══ INFORMATION GIVEN ══

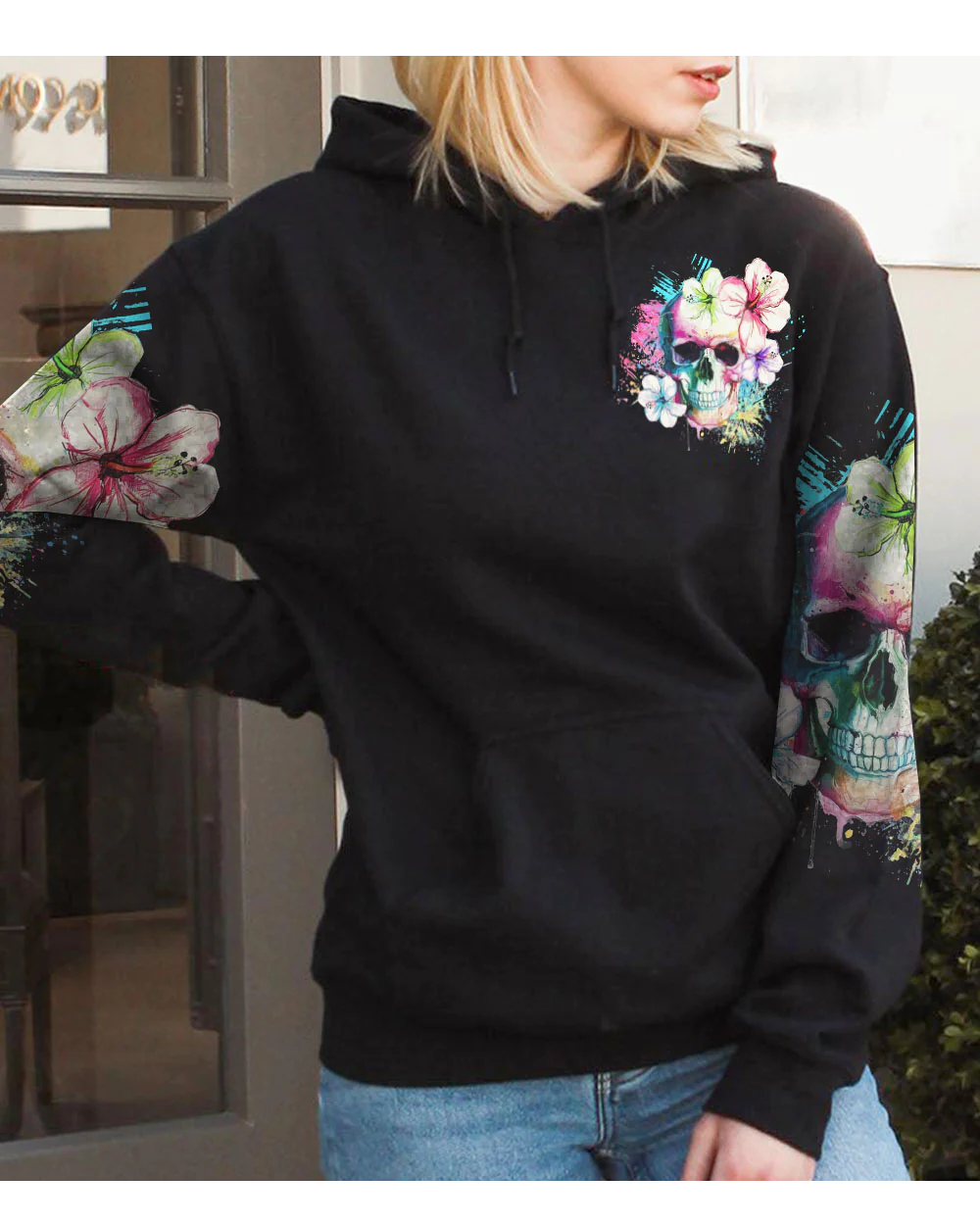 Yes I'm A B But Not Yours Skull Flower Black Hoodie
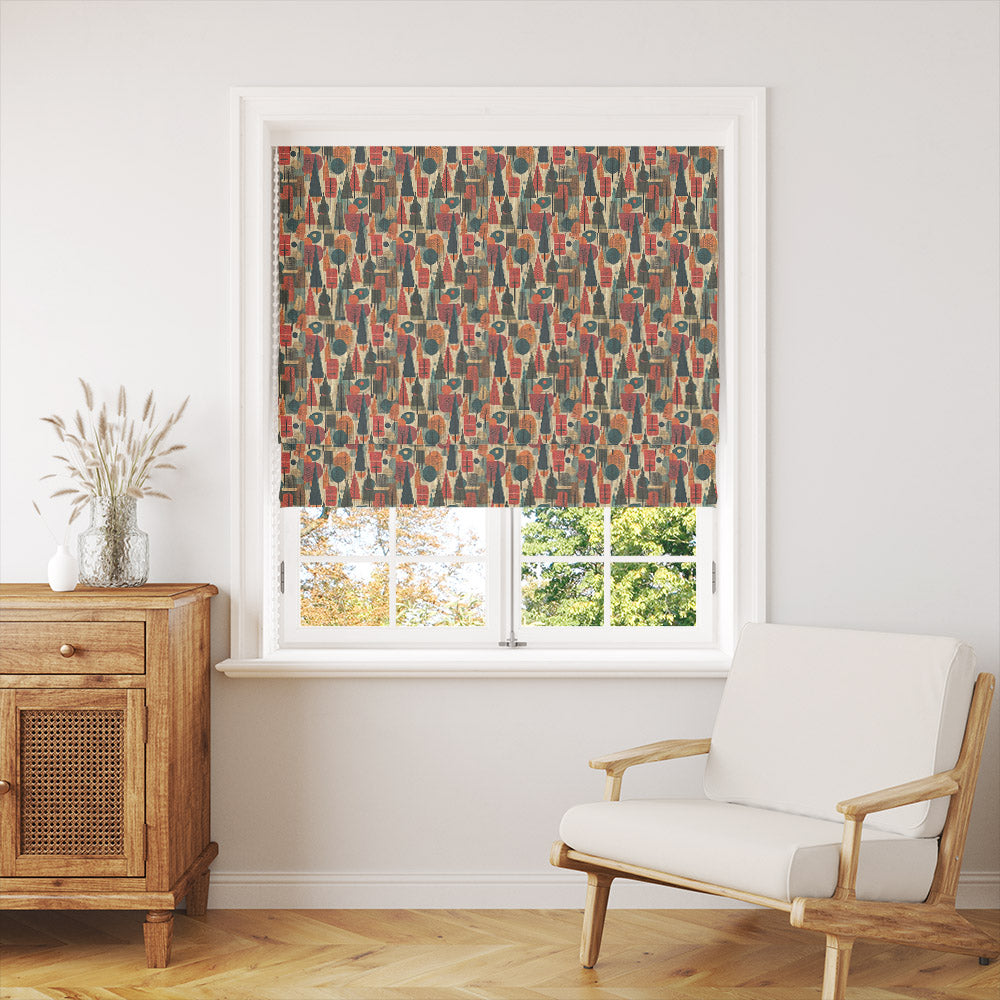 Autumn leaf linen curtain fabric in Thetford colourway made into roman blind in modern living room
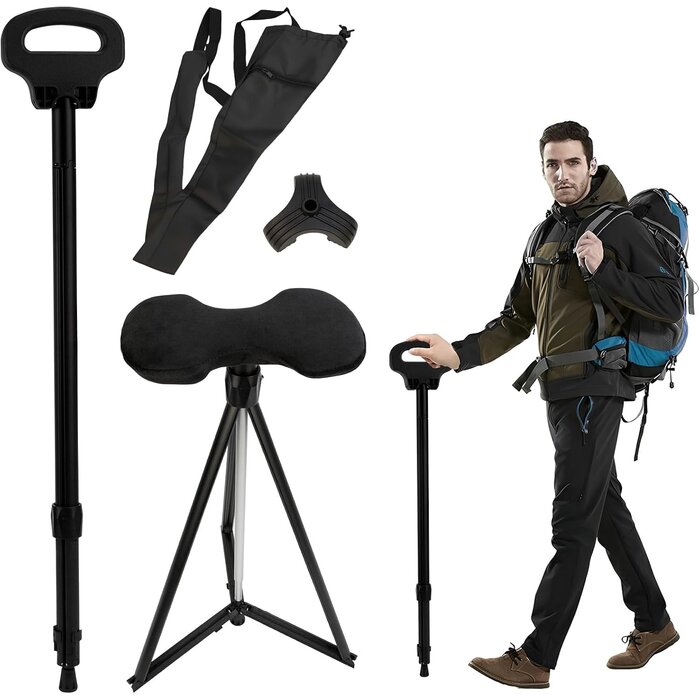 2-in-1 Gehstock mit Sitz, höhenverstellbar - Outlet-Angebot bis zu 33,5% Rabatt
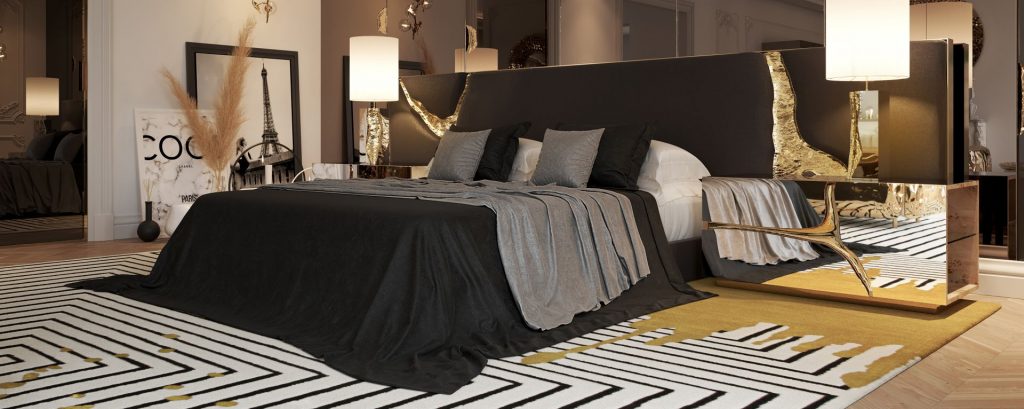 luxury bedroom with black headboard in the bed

═══
══ INFORMATION GIVEN ══

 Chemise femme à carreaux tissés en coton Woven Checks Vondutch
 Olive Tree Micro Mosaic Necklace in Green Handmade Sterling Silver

═══
══ INFORMATION GIVEN ══

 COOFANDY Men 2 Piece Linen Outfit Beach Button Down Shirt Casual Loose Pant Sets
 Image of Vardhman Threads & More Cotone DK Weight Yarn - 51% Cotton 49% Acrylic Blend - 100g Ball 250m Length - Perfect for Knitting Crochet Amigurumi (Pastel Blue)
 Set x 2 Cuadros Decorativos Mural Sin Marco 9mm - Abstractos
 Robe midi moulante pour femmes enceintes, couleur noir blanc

═══

Beginning with the line above that contains "Set x 2 Cuadros", copy each line exactly up to and including the line that contains "Robe midi moulante", and go no further.

SOLUTION FOR THIS TASK ::
 Set x 2 Cuadros Decorativos Mural Sin Marco 9mm - Abstractos
 Robe midi moulante pour femmes enceintes, couleur noir blanc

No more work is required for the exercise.